Dilema Liga Inggris Adanya Pemberontakan


Dilema Liga Inggris Adanya Pemberontakan

Dilema Liga Inggris Adanya Pemberontakan

Ketika Liga Inggris hendak dimulai kembali, kompetisi ini justru dilanda pemberontakan dari dalam, yakni para pemainnya sendiri. Begini ceritanya.

Menurut laporan ESPN, sejumlah pemain Liga Inggris tidak siap untuk kembali lagi ke lapangan selama pandemi Covid-19 ini belum usai. Hal itu wajar karena mereka  khawatir akan membawa pulang penyakit ke dalam rumahnya masing-masing. Pemberontakan para pemain ini memberi pukulan besar terhadap peluang dimulainya kembali kompetisi Liga Inggris dalam waktu dekat.
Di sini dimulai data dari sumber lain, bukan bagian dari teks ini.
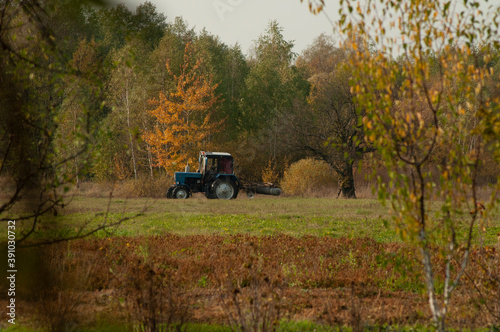 the tractor works in the field in autumn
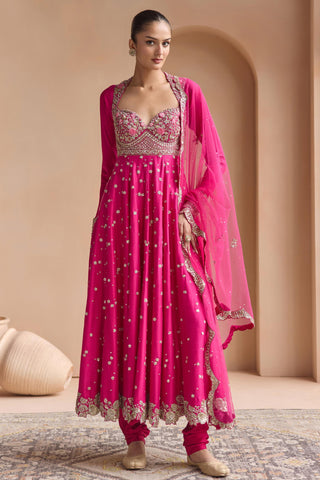 Anarkali Set for Indian Wedding - Pink Off The Record Embroidered Anarkali Set by Osaa by Adarsh at Mrs. G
Laporan itu mengklaim bahwa para pemain di berbagai tim keberatan untuk kembali beraksi guna menyelesaikan musim 2019/2020 Liga Inggris yang telah tertunda selama satu setengah bulan. Ini merupakan sebagai bagian dari skema Project Restart.

Laporan itu mengutip sebuah sumber di Premier League yang menyebutkan bahwa Liga Inggris baru akan menganggap pandemi Covid-19 ini ‘serius’ ketika ada pemain yang meninggal dunia.
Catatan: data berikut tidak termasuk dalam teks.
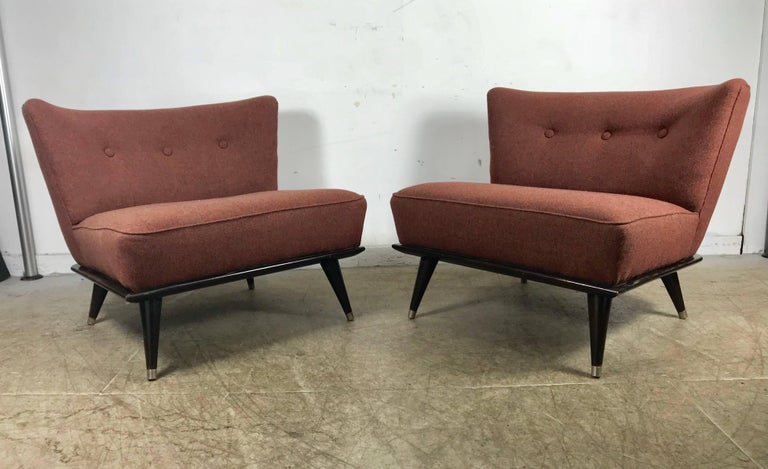 American Stunning Pair of Modernist Slipper Chairs in the Manner of Gio Ponti For Sale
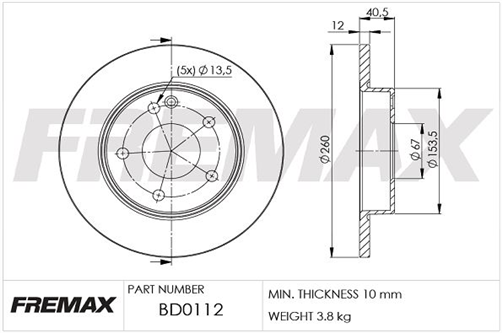BRAKE ROTOR SOLID PAIR FRONT BD-0112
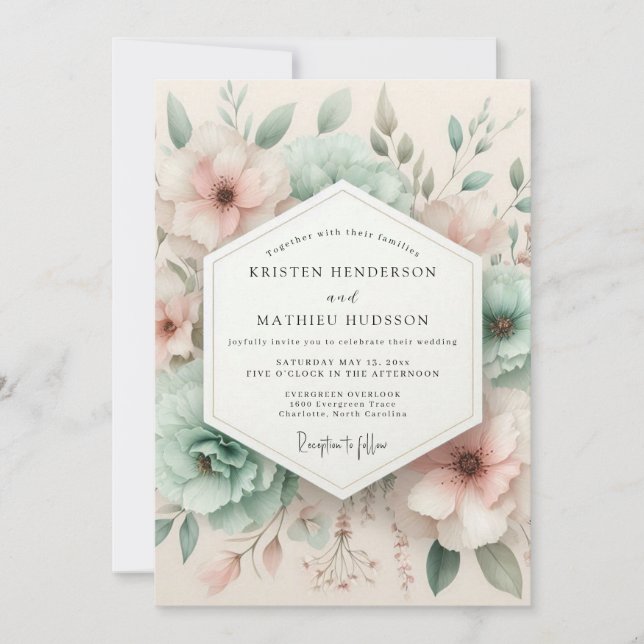 Convites Casamento Floral Botânico Rosa Pálido (Frente)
Tidak seperti banyak liga-liga top Eropa, Premier League belum mengumumkan apa pun tentang dimulainya kembali sesi latihan untuk para pemain.

Arsenal klub pertama yang berani

Arsenal menjadi klub pertama yang melanjutkan latihan di pusat pelatihan mereka di London Colney pada awal pekan ini.  Dengan janji The Gunners akan mematuhi peraturan jarak sosial dengan para bintang mereka berlatih secara individual.

Berikut yang dikatakan sumber itu kepada ESPN: “Banyak pemain sangat tidak nyaman untuk cepat-cepat kembali bermain. Satu-satunya cara liga akan menganggap ini serius adalah ketika seorang [pemain] di sebuah klub sepak bola meninggal. Kami akan mengenang kembali saat [dimulainya lagi kompetisi] ini dengan kesedihan di masa depan.”

Premier League harus menetapkan rencana mereka untuk menyelesaikan musim 2019/2020 dalam waktu dekat. Sebelumnya ESPN melaporkan bahwa UEFA telah menetapkan tenggat waktu 25 Mei untuk menetapkan rencana tersebut.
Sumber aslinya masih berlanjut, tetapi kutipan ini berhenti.